BRAIN: Actually, I think this would be a prime time to think about every single thing ever.
ME: Really, brain? Couldn't you have thought all these things like twelve hours ago?
BRAIN: Nope!
ME: Curses.
BRAIN: Also, I think we should compose an email we've been meaning to write for the last few days. And we'll mentally rewrite it over and over, changing one little word at a time.
ME: Is that really necess--
BRAIN: Over and over.
ME: But I really should--
BRAIN: OVER AND OVER!
ME: You know what, how about I just get up and write the stinkin' email right now?
BRAIN: Suit yourself.
ME: Fine. I will. But I'm not going to send it yet!
BLADDER: While you're up, would you mind relieving me? You really shouldn't have consumed a quart of liquid before going to bed.
ME: Sigh. If I must.
BRAIN: Now that it's 2:30 in the morning, I'm wide awake!

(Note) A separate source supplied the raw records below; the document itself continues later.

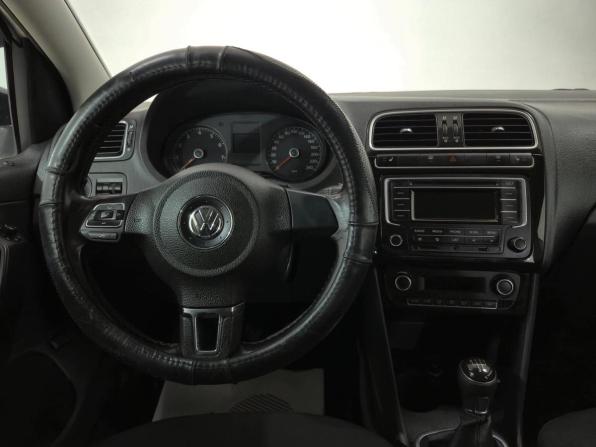 Volkswagen Polo V с пробегом 2014 года, цена 630 000 рублей, 246769 км, седан, Автокод Объявления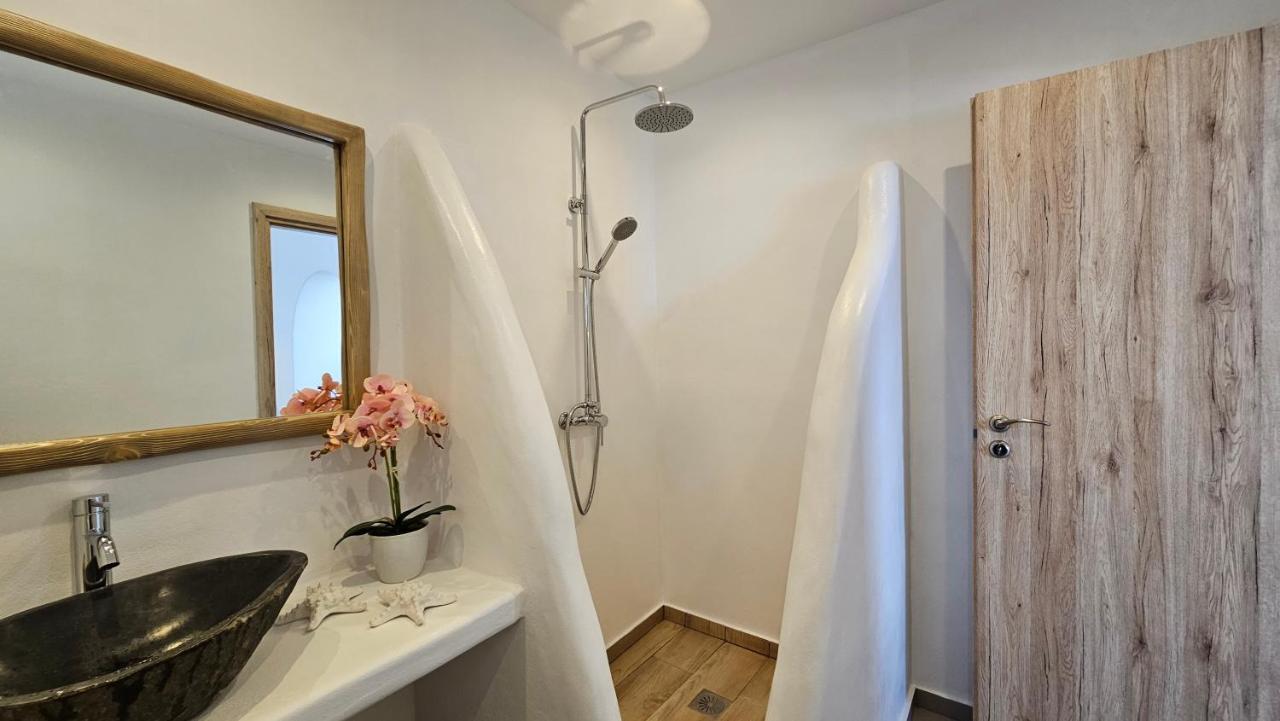 Polychronis Private Suite Pollonia Exteriör bild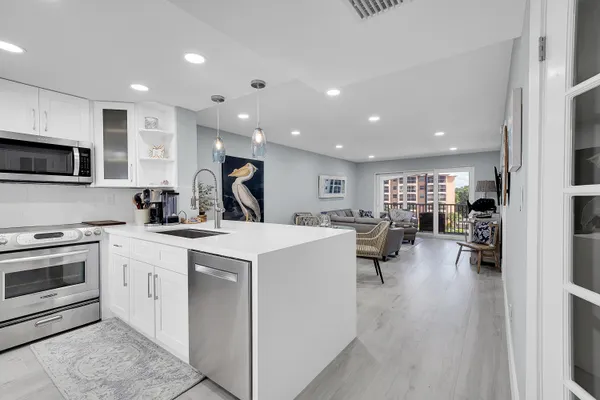 $3,700 | 2871 North Ocean Boulevard, Unit M338, Boca Raton, FL 33431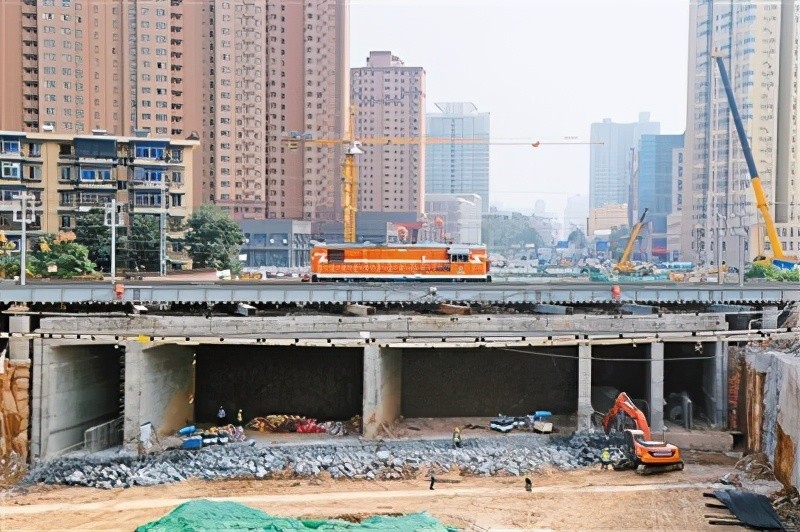 西安经九路下穿陇海铁路工程11月底还路于民隧道明年5月建成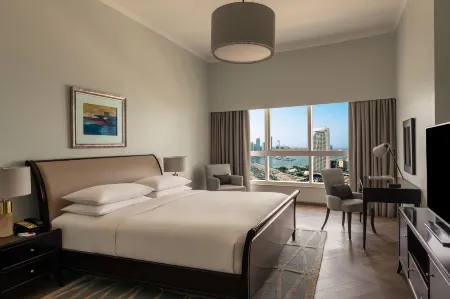 Dubai Marriott Harbour Hotel & Suites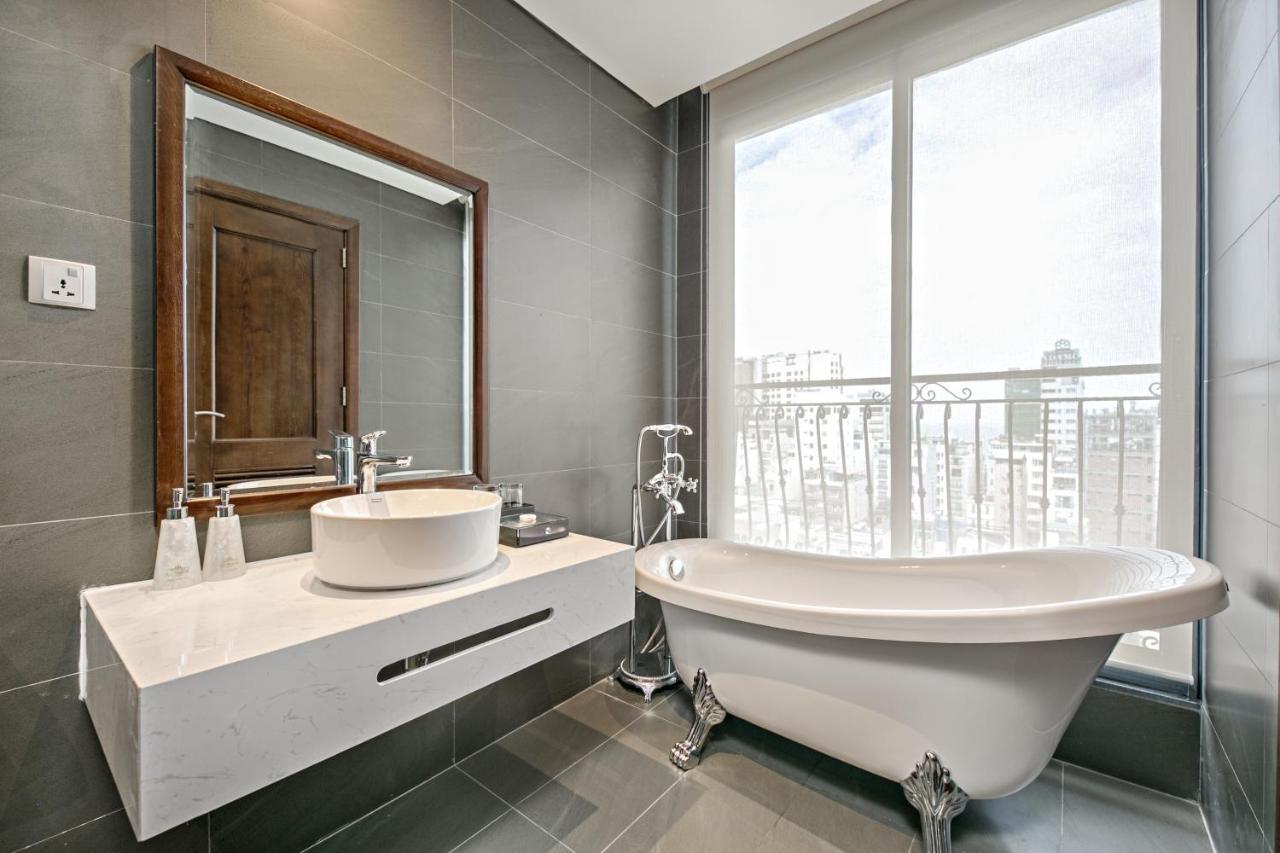Cosmos Hotel Danang מראה חיצוני תמונה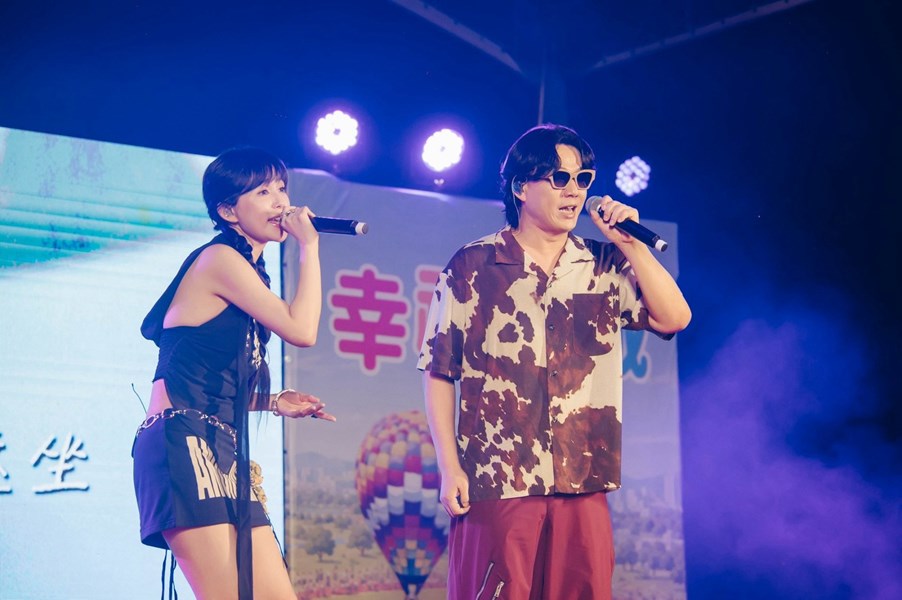蕭煌奇與琳誼合唱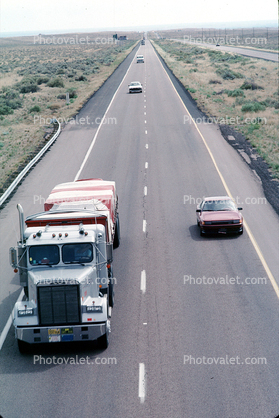 Freightliner, Interstate Highway I-40 looking west, Semi-trailer truck, Semi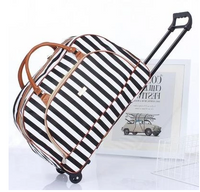 valise-femme-vegetarienne-retro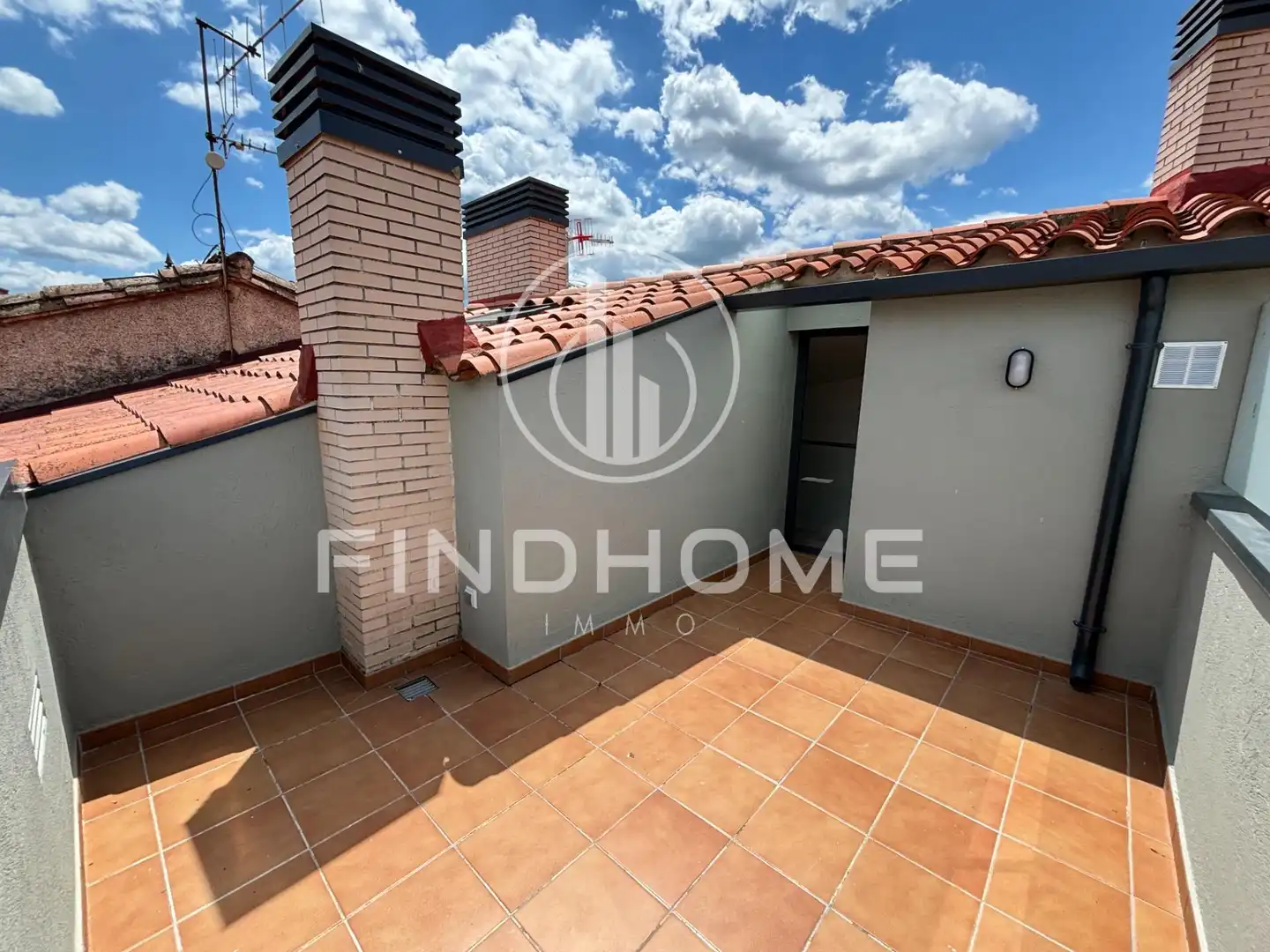 Terraza de Ático en venta en Olot con Calefacción, Terraza y Trastero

ME: Don't you have an "off switch" or something?
STOMACH: Feed me!
ME: What? No! It isn't time for breakfast yet.
STOMACH: FEED ME!
ME: Quiet, you! You will wait at least until the sun comes up!
STOMACH: Fine. But I will continue to make my displeasure known by growling unpleasantly.
ME: I think I'm going to try some relaxation techniques to help me fall asleep. First I'll focus on my breathing.
BRAIN: I have a better idea! How about I sing you to sleep? I'll start with all the songs from A Muppet Christmas Carol.
ME: In with the good air, out with the bad. In with the good air, out with the bad.
BRAIN: We're Marley and Marley, WHOOOOOAAA!*
ME: Maybe I'll focus all my thoughts towards the sensations in my big toe on my left foot. And I'll gradually work my way up to my head.
BRAIN: There goes Mr. Humbag, there goes Mr. Grim! If they gave a prize for being mean, the winner would be him!**
ME: Brain, I love you, but I hate you.
And that's how I didn't fall asleep until well after 3:30. And of course I was awake by 7:45. Sigh.
*Educate yourself.
**Can you believe Jacob saw this movie for the first time just this past Saturday?